Se consuma el nacimiento, el alumbramiento de una persona que se realiza y se desnuda a través de la palabra, pierde su santidad y se renueva. Comienza la verdad, se ha acabado la espera: ¡Ya llegó el tiempo que esperaba! Exclama
El libro surge tras una estancia de Anaís en la casa del poeta en Trasmoz. Eso explica que la naturaleza esté presente en todo el poemario, pero sobre todo en los poemas que hablan del placer. La naturaleza es un placer más, la que ve a través de la ventana desde el retiro en que escribe pero también la que llega desde el recuerdo o gracias a la imaginación. La naturaleza forma parte del poema y de la poeta. Penetra en ella:
Las plantas trepan/ entre las piernas de los árboles/ se clavan en mi piel/ y acarician mi estómago.
Pero al lado del fuego están las sombras: la sombra. El fuego es el foco que crea la sombra, que la hace posible, como en la caverna platónica.
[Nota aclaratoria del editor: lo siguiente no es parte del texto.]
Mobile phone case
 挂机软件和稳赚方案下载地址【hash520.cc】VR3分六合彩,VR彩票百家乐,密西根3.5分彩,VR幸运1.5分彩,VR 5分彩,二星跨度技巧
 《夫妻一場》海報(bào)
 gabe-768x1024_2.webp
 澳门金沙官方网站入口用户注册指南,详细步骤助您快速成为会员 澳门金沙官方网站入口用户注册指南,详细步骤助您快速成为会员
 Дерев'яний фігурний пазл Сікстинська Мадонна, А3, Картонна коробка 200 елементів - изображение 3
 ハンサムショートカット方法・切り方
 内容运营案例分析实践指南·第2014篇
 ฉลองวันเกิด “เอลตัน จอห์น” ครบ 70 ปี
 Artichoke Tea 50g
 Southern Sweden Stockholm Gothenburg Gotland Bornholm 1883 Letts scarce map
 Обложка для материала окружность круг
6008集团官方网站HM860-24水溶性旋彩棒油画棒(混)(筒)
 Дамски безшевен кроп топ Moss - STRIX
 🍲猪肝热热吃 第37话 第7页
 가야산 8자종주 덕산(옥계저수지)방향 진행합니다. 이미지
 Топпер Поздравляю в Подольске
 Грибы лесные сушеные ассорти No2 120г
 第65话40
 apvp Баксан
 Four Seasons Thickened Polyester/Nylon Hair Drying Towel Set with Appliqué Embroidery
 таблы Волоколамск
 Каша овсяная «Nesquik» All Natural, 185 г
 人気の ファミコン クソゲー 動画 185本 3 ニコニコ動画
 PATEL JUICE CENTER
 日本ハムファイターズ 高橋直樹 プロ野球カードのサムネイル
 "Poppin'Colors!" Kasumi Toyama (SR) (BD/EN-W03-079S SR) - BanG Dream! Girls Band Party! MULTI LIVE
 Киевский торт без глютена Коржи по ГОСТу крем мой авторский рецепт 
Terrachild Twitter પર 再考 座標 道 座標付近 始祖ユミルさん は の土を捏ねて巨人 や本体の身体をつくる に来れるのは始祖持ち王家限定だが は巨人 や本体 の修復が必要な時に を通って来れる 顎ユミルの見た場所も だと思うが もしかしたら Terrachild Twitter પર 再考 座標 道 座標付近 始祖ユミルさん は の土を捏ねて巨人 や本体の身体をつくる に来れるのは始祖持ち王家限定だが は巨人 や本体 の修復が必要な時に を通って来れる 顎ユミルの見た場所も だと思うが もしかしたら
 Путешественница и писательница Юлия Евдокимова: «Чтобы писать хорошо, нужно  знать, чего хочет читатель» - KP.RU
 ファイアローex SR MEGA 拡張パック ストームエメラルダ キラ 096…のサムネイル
Es la otra parte de lo lumínico, el otro lado. Al lado del placer, del atrevimiento y de la vida entendida como gozo está la conciencia del tiempo, el pasado como una dificultad a vencer, el sentimiento de estar acabado antes de comenzar, el miedo, el dolor que se amontona y crece:
La asfixia del pasado en la garganta/ que se agolpa en la puerta/ como un montón de nieve.
Los poemas dedicados a las sombras son sencillos y certeros, contundentes. Nos hablan de pájaros dormidos que se encuentran en el lecho, de puertas que se cierran, de sangre en la cresta de las olas.  Las sombras aluden al doble de los hombres. Tradicionalmente la sombra se ha entendido como el alma, como aquello que se vende al diablo en leyendas. La sombra nos identifica. Así, sacando la cabeza entre los versos que hablan de los recuerdos y del tiempo aparece el yo, cuestionándose, mirándose, buscándose sus límites como en un poema que quiero destacar, El gato.
La razón de apelar al placer, al fuego, es vencer la sombra, los días oscuros, la pulsión de muerte. La razón de apelar a las sombras es conocerlas, re-conocerlas, para acometer la tarea del fuego, de la vida. Aquí se funde el dualismo del que hablábamos al principio.
Vivimos porque sabemos que vamos a morir, cada vez que vivimos vencemos a la muerte y paradójicamente nos acercamos a ella. El placer nos salva, nos salva de la muerte. Anaís nos dice que define la sombra y la incendia.
Salvarse, esconderse en el trance/ del eco de la risa,/ sobornar percepciones,/ disfrutar del calor de otro cuerpo.
Esta magnífica poeta nos invita además a acompañarle, a través de sus poemas, en ese bautizo, en esa salvación. Nos invita a fugarnos con las palabras.
¡Cálzate mis palabras y escapa!/Ellas regresarán, más tarde,/ a rastras por el barro,/ como pétalos heridos,/ como niñas llorando, a casa.
Muchas gracias Anaís por esta invitación, por tu fuerza y por toda la honestidad y el compromiso personal con que tratas la poesía y, por tanto, a tus lectores.

                                                                                                                   Sergio Gómez                                                                                                        

  
       

2 comentarios:

Anaís Pérez Layed dijo...

Mil gracias Sergio por ahondar entre los versos hasta racionalizarlos y hacer mi poesía más transparente con tu análisis.

Un fuerte abrazo

Sergio Gómez dijo...

Fue un gran placer leerlo y una gran satisfacción que te haya gustado el análisis. UN abrazo.